The main goal for this plugin is to recover the text contents of the tab files and be able to parse and collect those during IR / Forensic investigations. So there are still some unk variables in the struct, of which I don't know all the details, but for this use-case that seems to be acceptable. Again, thanks all for the suggestions!
@daddycocoaman do you have a possible ETA when your research will be published?
@daddycocoaman do you have a possible ETA when your research will be published?
Sorry for the delay. At some point during this, I think the tab state format added a few new fields and it broke my ImHex parser. For example, there is now one for spell check being enabled that comes right before the length of the content. I'm looking into the new fields in my spare time.
@daddycocoaman do you have a possible ETA when your research will be published?
Sorry for the delay. At some point during this, I think the tab state format added a few new fields and it broke my ImHex parser. For example, there is now one for spell check being enabled that comes right before the length of the content. I'm looking into the new fields in my spare time.
What version of Notepad is it reporting?
@daddycocoaman do you have a possible ETA when your research will be published?
Sorry for the delay. At some point during this, I think the tab state format added a few new fields and it broke my ImHex parser. For example, there is now one for spell check being enabled that comes right before the length of the content. I'm looking into the new fields in my spare time.

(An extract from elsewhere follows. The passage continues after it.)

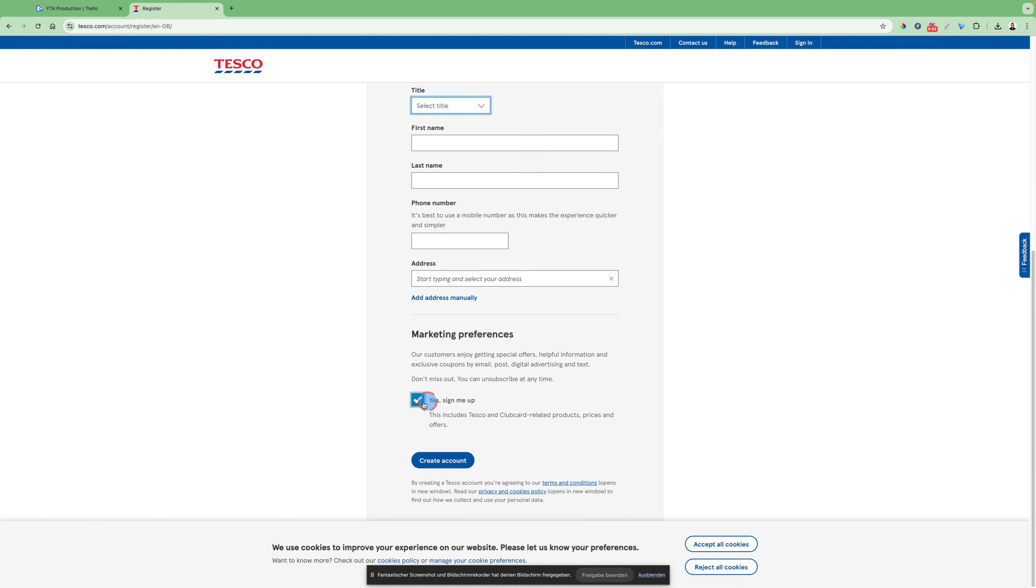Marketing preference, yes, sign me up if you wish so, to see the newsletters and so on. And then all you have to do is create an account.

What version of Notepad is it reporting?
Had a few moments to quickly poke around. There definitely are some changes to the format that appears to lineup with new options in what I call the options block. It appears that 1 byte was added which probably lines up with the spellcheck/autocorrect option.
Top is the new state format with the extra byte. Bottom is the previous state format. Both are just an empty unsaved tab.
My test machine is running the stable build of Windows 11 23H2 OS Build - 22631.3527 and Windows Notepad version 11.2402.22.0. The format has changed but I don't have the options to enable/disable spellcheck or autocorrect within Windows Notepad. I'll spin up another test system later on a Release Preview build to see if I get the options.
https://blogs.windows.com/windows-insider/2024/03/21/spellcheck-in-notepad-begins-rolling-out-to-windows-insiders/
Edit:
Spun up a quick VM on the Beta Release channel. Windows 11 23H2 OS Build - 22635.3566 and Windows Notepad version 11.2402.22.0. Again, the format is different from the above. Looks like another byte was added. Screenshot is of an empty unsaved tab.
Looking at your screenshots @ogmini, the byte at offset 0A is different between the versions and may indicate some kind of optionsVersion number. Thank you both again for the updates, I'll edit my dissect parser accordingly as well!
Looking at your screenshots @ogmini, the byte at offset
0Ais different between the versions and may indicate some kind ofoptionsVersionnumber. Thank you both again for the updates, I'll edit my dissect parser accordingly as well!
That was one of my theories. But it doesn't make total sense. Why would you have the version so late in the stream? The files do store content length, so it knows how far to read the stream. Is it possible that the byte at offset 0A is letting us know how many more bytes to read? We'll probably need to wait for MS to make more changes in the future to really verify.
Consolidated screenshot with some coloring for easier reading.
I added the optionsVersion field in the latest commit. Although we might not be 100% sure if this is correct, we can always fill in these gaps later on. At least, the dissect parser now seems to be able to parse the newer format as well. The parser is now also able to handle variable-length data buffers that is passed after a fixed-length data buffer.